**EXERCISE AIM:** Print word for word whatever lies between the first line of the material and the line holding "Hisse_PhD's tweet photo.", both included, and omit all pictures.

**SOURCE DATA:**
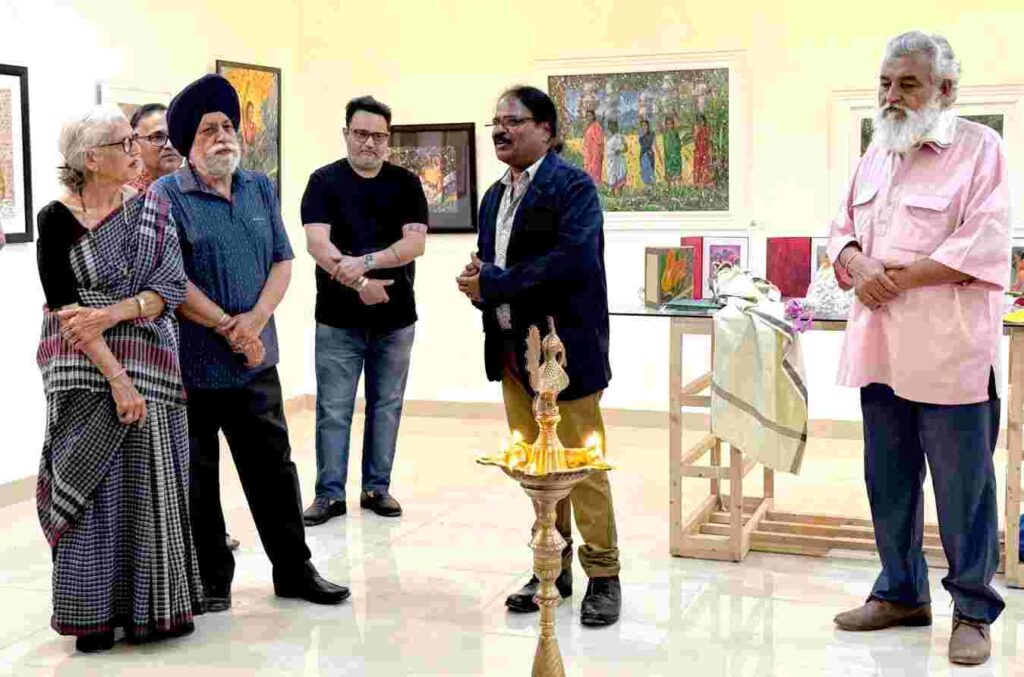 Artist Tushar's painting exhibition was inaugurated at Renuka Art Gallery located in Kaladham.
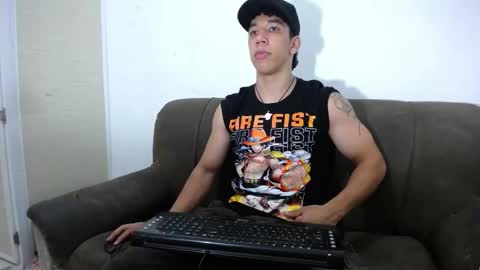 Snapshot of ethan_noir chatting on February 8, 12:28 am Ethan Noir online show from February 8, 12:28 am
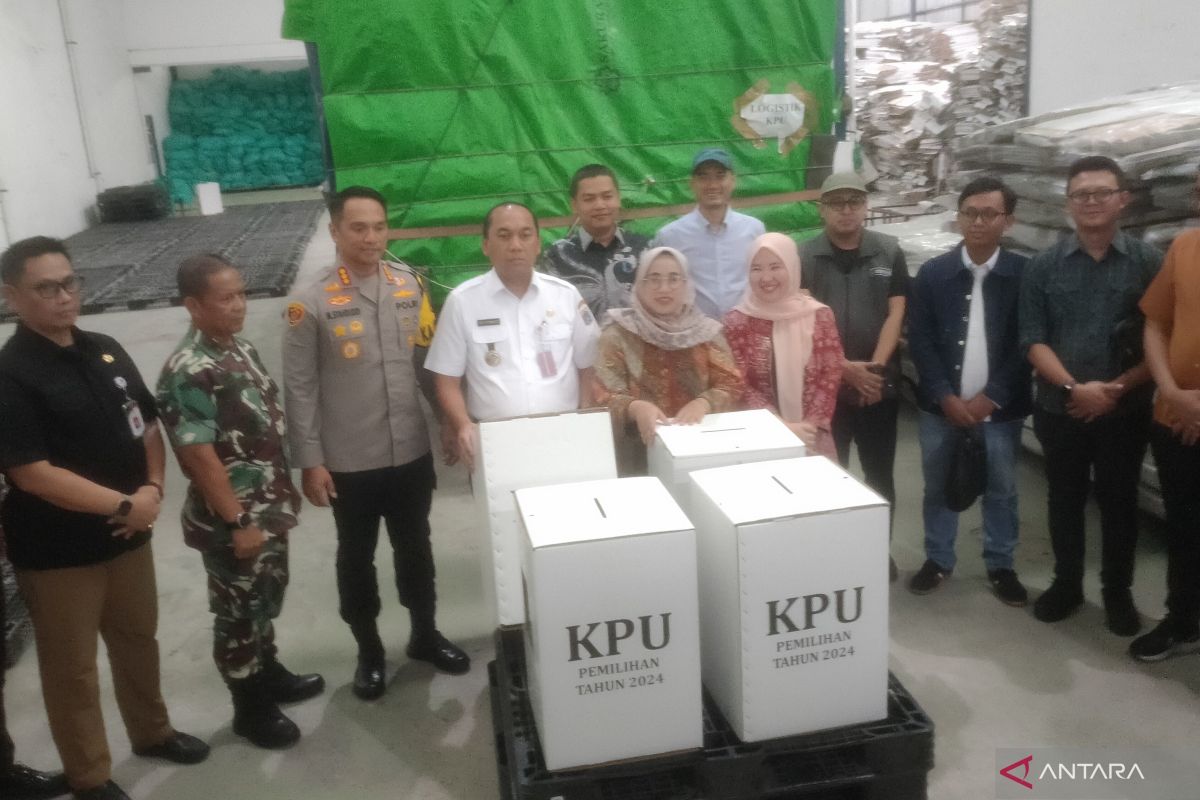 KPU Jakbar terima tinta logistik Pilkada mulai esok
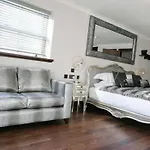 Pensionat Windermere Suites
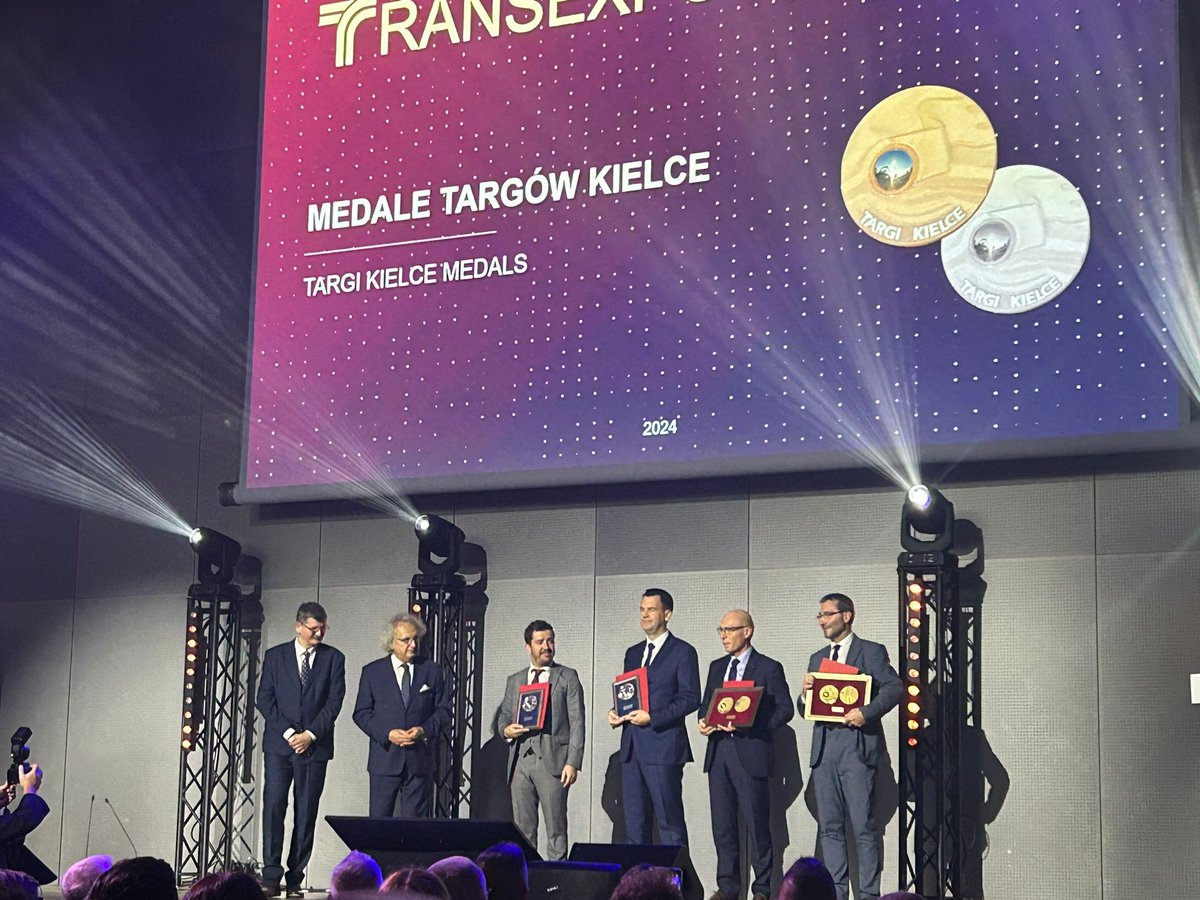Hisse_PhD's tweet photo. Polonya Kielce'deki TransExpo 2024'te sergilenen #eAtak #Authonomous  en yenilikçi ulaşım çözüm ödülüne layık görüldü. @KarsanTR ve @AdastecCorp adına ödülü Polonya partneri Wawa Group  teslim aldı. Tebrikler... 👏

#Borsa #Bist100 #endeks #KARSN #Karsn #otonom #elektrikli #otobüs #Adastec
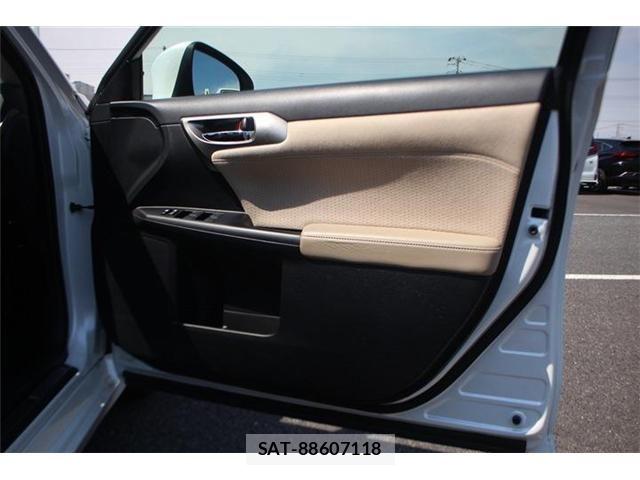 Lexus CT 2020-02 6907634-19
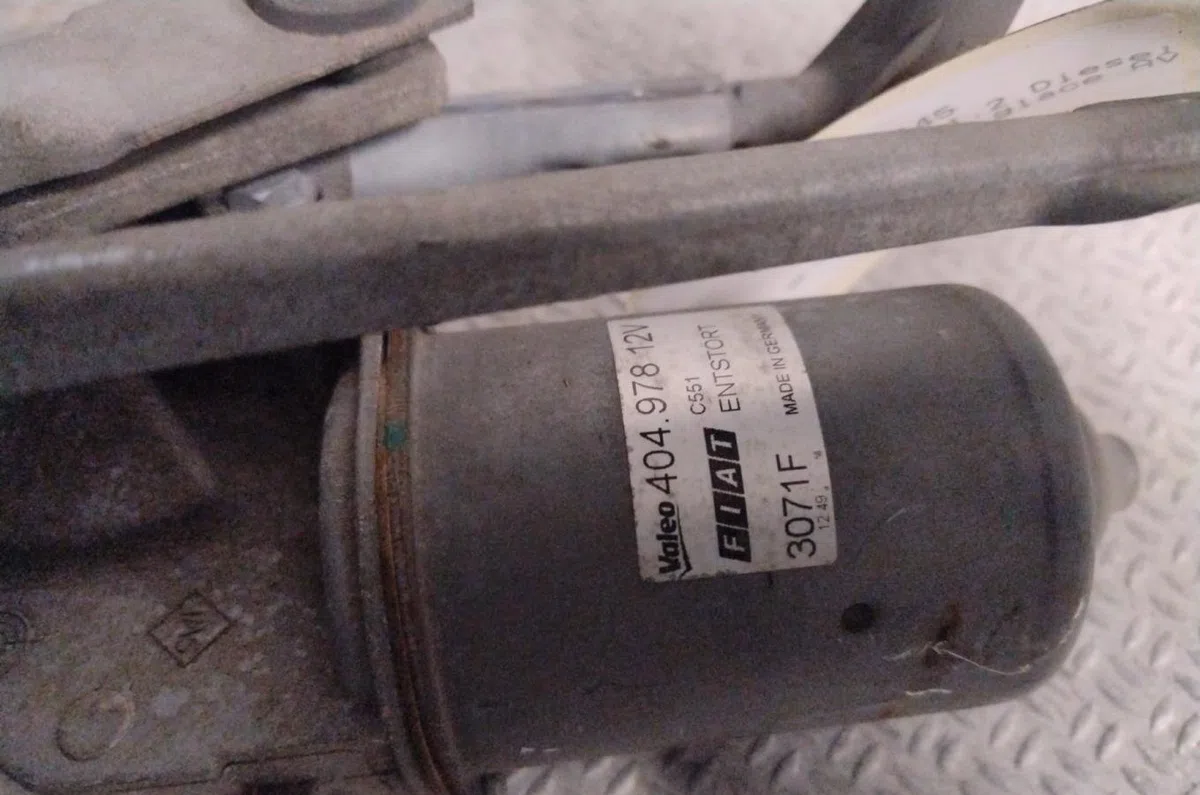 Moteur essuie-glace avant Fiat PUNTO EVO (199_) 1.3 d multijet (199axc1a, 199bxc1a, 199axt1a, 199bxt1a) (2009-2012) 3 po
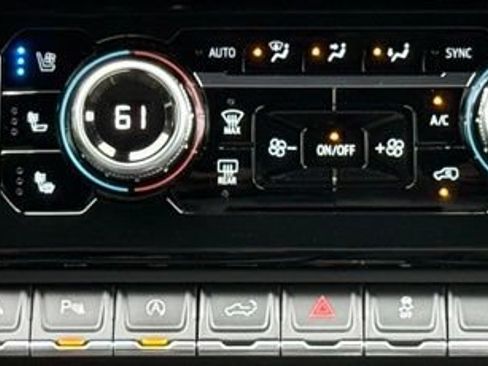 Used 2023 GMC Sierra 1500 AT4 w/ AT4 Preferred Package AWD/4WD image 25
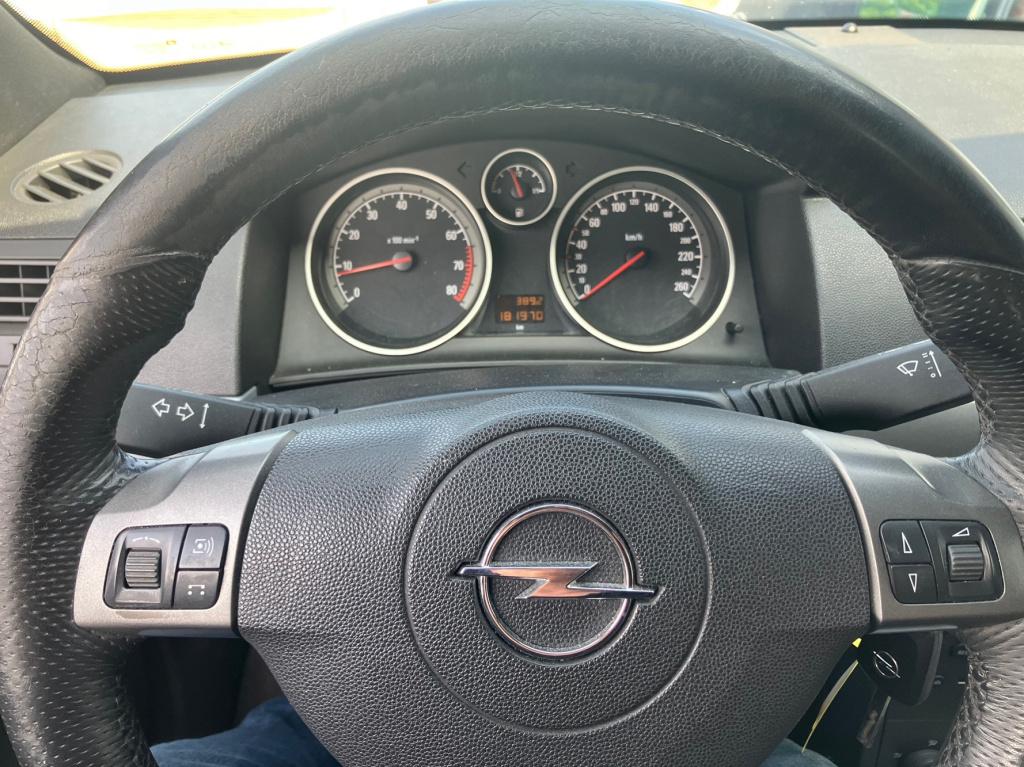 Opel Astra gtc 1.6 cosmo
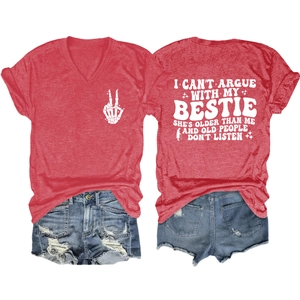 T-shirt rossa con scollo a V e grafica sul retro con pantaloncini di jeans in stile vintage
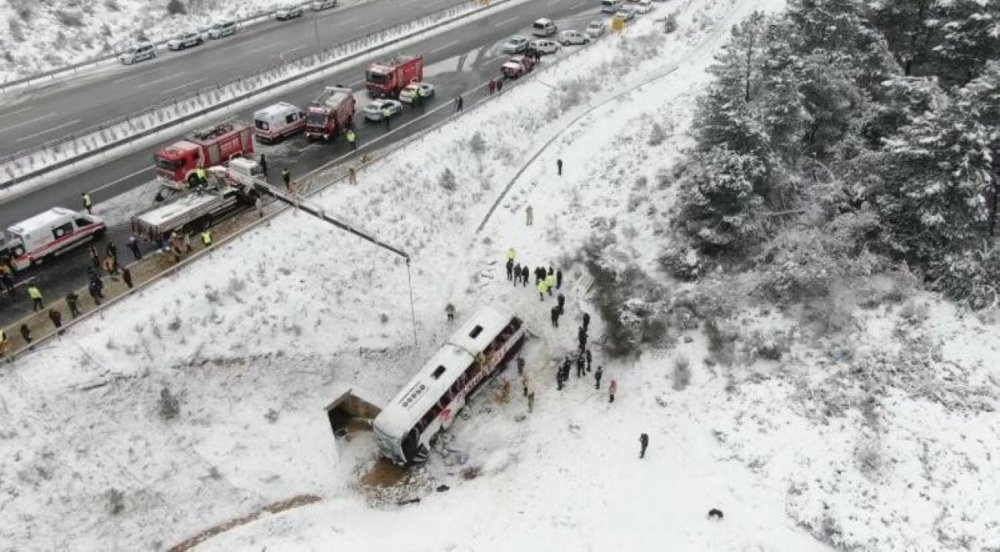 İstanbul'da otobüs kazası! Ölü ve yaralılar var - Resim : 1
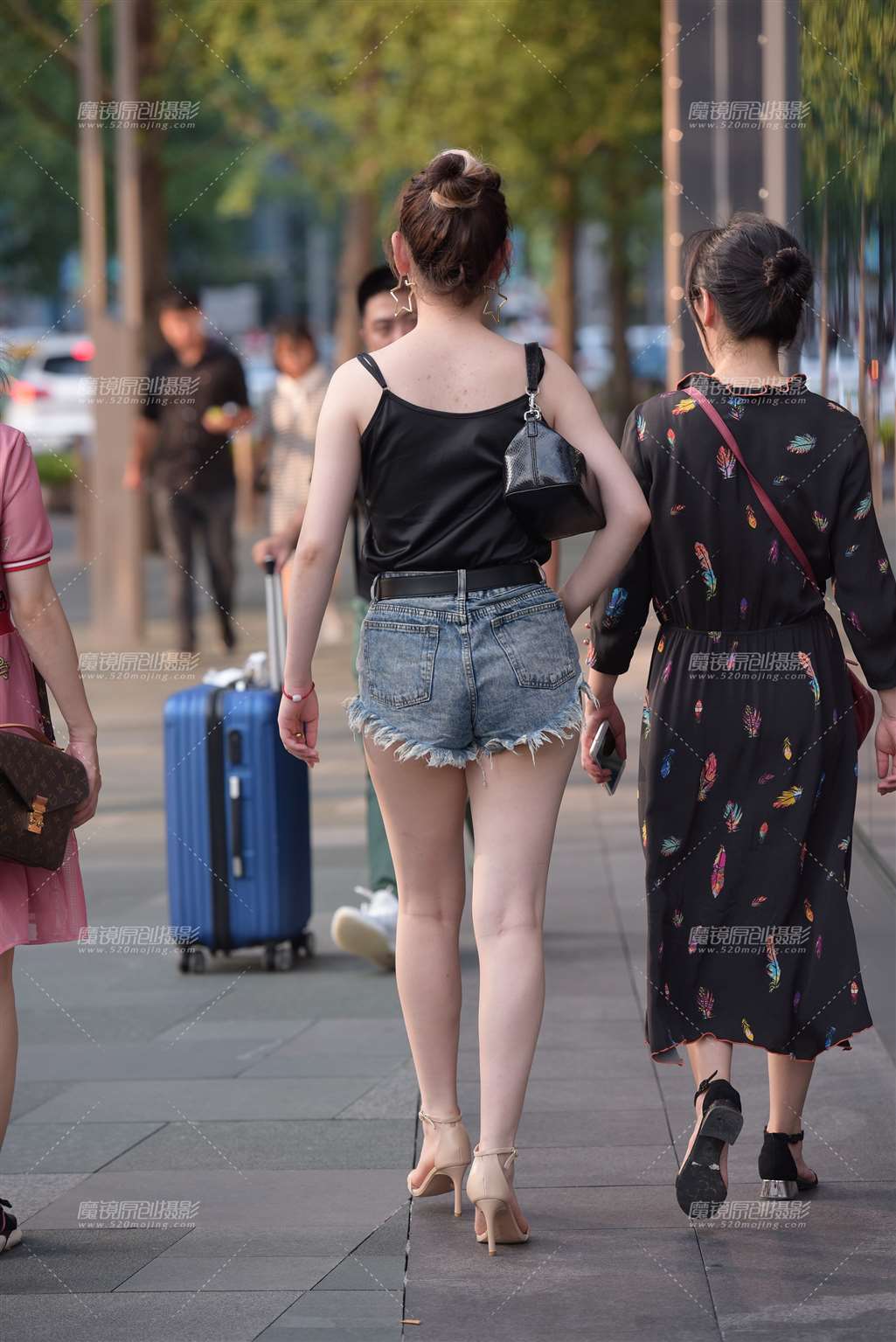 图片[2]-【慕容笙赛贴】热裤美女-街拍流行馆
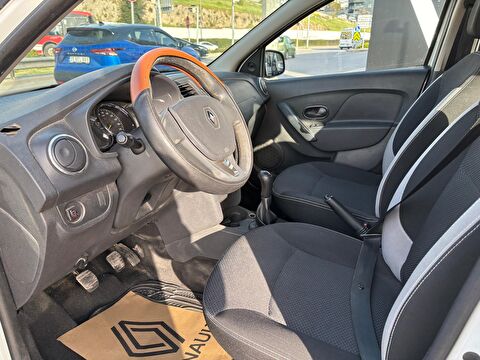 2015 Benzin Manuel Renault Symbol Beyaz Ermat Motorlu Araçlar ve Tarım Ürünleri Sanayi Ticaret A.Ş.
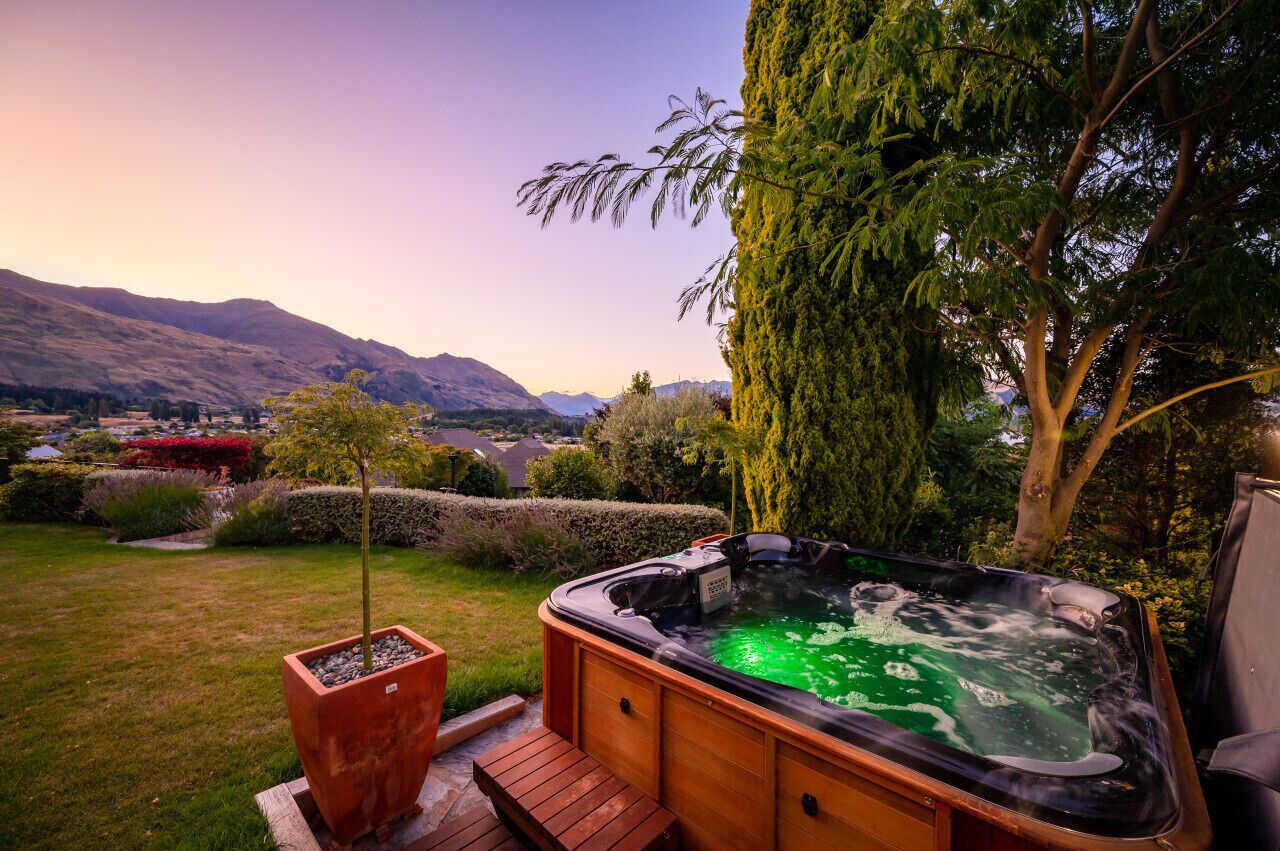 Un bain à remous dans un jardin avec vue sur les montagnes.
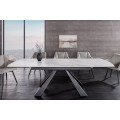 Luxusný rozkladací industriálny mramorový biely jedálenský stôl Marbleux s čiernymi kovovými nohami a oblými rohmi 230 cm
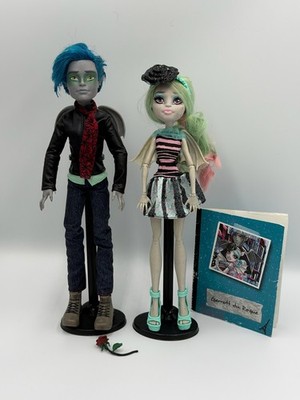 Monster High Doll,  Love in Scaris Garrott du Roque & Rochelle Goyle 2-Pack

**EXERCISE RESPONSE:**
 Artist Tushar's painting exhibition was inaugurated at Renuka Art Gallery located in Kaladham.
 Snapshot of ethan_noir chatting on February 8, 12:28 am Ethan Noir online show from February 8, 12:28 am
 KPU Jakbar terima tinta logistik Pilkada mulai esok
 Pensionat Windermere Suites
Hisse_PhD's tweet photo. Polonya Kielce'deki TransExpo 2024'te sergilenen #eAtak #Authonomous  en yenilikçi ulaşım çözüm ödülüne layık görüldü. @KarsanTR ve @AdastecCorp adına ödülü Polonya partneri Wawa Group  teslim aldı. Tebrikler... 👏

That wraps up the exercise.